Domestic Violence NSW CEO, Moo Baulch, is unhappy with the planned review of the Safe Schools program:
The Safe Schools Coalition has been in the public firing line, with Coalition MP George Christensen being the latest conservative politician attempting to discredit the program, bizarrely likening the anti-bullying initiative to grooming undertaken by sexual predators.
This follows Cory Bernadi’s vitriolic hate speech on Thursday, causing PM Malcolm Turnbull to crumble under pressure from the extreme right and to order a review of the Safe Schools program.
Baulch ignores ALP senator Joe Bullock’s view that Safe Schools is “terrible” and “should be immediately stopped”. And while Baulch alleges “vitriolic hate speech”, she offers not a single example because she is – as lefties are prone to – grossly exaggerating.
Here’s Christensen’s perfectly sensible allusion:
Outspoken Queensland backbencher George Christensen on Thursday claimed the program recommends pornographic content, sex shops, sex clubs and adult communities to schoolchildren.
He also said it directed students to websites that advise students on sex toys and sadomasochism. He singled out the website of LGBT youth organisation Minus18 for particular criticism.
The website has advice on chest binding, penis tucking and sex toys and links to other sites that promote pornography, group sex and gay bars, he claimed. It also gives children advice on how to cover their tracks by hiding their browser history.
“This material is putting children at risk of being sexualised at an early age,” he said.
“If a man exposed a child to these websites, sex clubs, sex shops and online communities on the internet we would call this a paedophile grooming a victim.“
For his part, Bernardi, in questioning the program, says absolutely nothing even remotely close to homophobic hate speech.
Note also that Baulch, who claims misogyny is the root cause of male on female domestic violence, sees a different dynamic at play in LGBTIQ relationships
Hate speech is not acceptable anywhere – in our schools, parliaments or communities. We have strong evidence showing that our young LGBTIQ people are increasingly exposed to horrific violence in their homes and schools and that they are targeted because of their difference. We also know that those experiences impact on young people’s ability to form healthy adult relationships and make safe choices. Gay men and lesbians experience violence in intimate partnerships at similar rates to cisgender heterosexual women, for trans and intersex people international research suggests the rates are even higher.

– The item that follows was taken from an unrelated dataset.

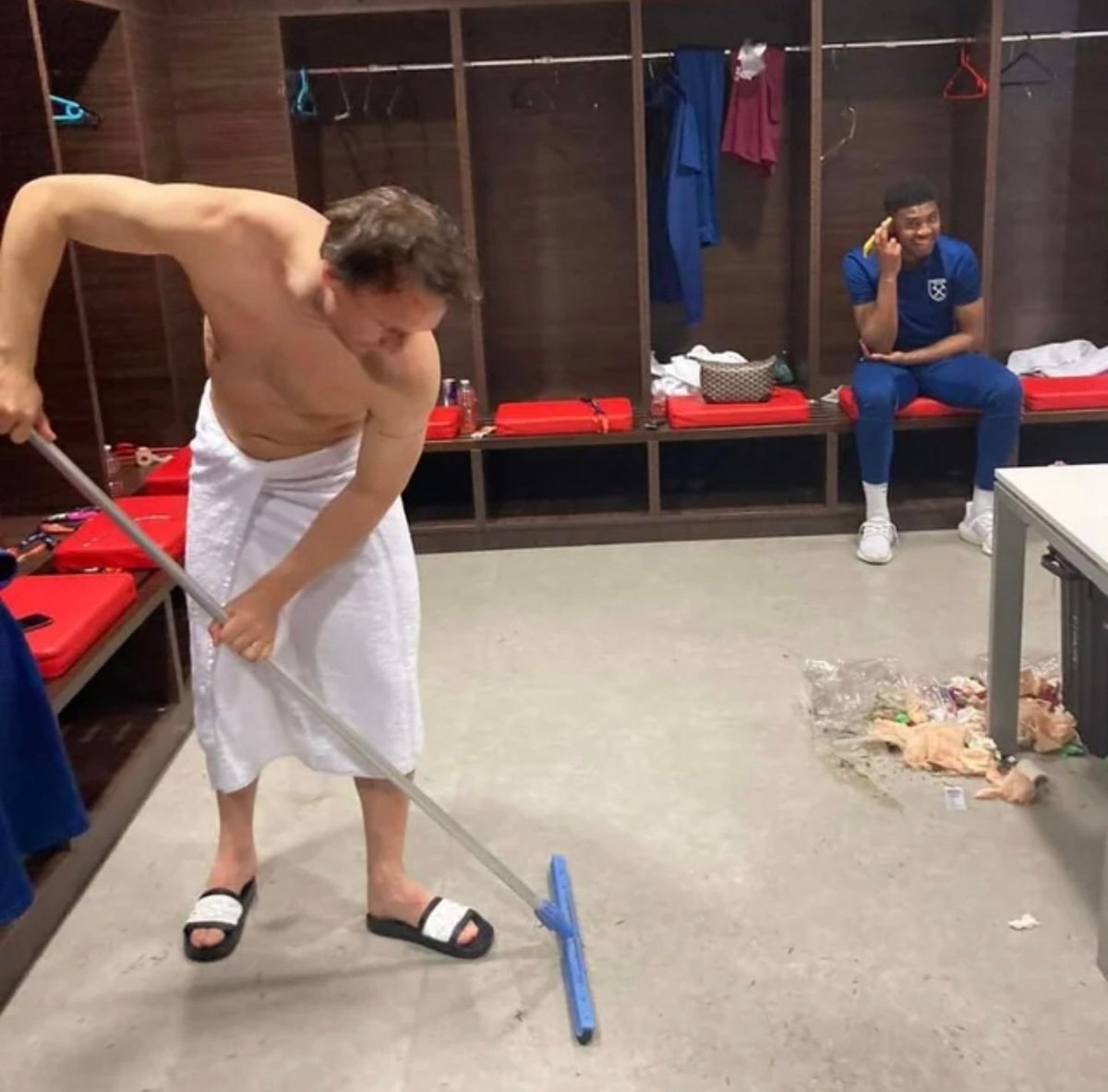 sportbible's tweet image. Mark Noble cleaning the away dressing room after West Ham's victory over Lyon.

He does this after every away game to show respect to the staff.

Leading by example, class act 👏

📷 @WestHam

It’s self-evident that approximately equal rates of violence across gay, lesbian and heterosexual partnerships makes questionable the nomination of misogyny as the cause of heterosexual domestic violence.
Baulch’s bias makes Domestic Violence NSW a dubious provider of effective “specialist domestic and family violence services”.
Finally, a Safe Schools language adjustment video.
Update: The condensed written version of language adjustment:
She and He are gendered pronouns. She is typically used by Female identifying people, similarly He is typically used by Male identifying people.
Both of these are sometimes used by people who don’t identify as male or female.
Gender Neutral Pronouns
They, Xe and Ey are a few common gender neutral pronouns. They’re basically pronouns that don’t imply ‘male’ or ‘female’. Neutral pronouns are typically used by genderqueer and non-binary identifying people.
There are lots of other gender neutral pronouns. They can take a bit of getting used to, but it’s important to use the right ones. If you’re not sure, politely ask!
Most people have preferred pronouns. Whether they use she, he, they, or xe, or anything else can depend that person’s gender identity.
For example it’s common for genderqueer people to prefer they, xe, or other gender neutral pronouns.
Similarly a female or male identifying person might prefer her or he pronouns respectively.
Why they’re important
There are lots of reasons it’s important to use the correct pronouns a person prefers, but the simple answer is it can make a person feel pretty shit when you use the wrong ones.
If someone uses different pronouns to what you might expect, they’ve probably thought long and hard about which ones and why.
Misgendering is a term used to describe accidentally or intentionally using incorrect pronouns about or towards a person, essentially using any pronouns than the ones a person asks people to use.
It’s not always easy to come out and tell people you’re trans* or prefer a new set of pronouns, so using the right ones really is a big deal and a pretty awesome thing.
Do the right thing! Don’t misgender.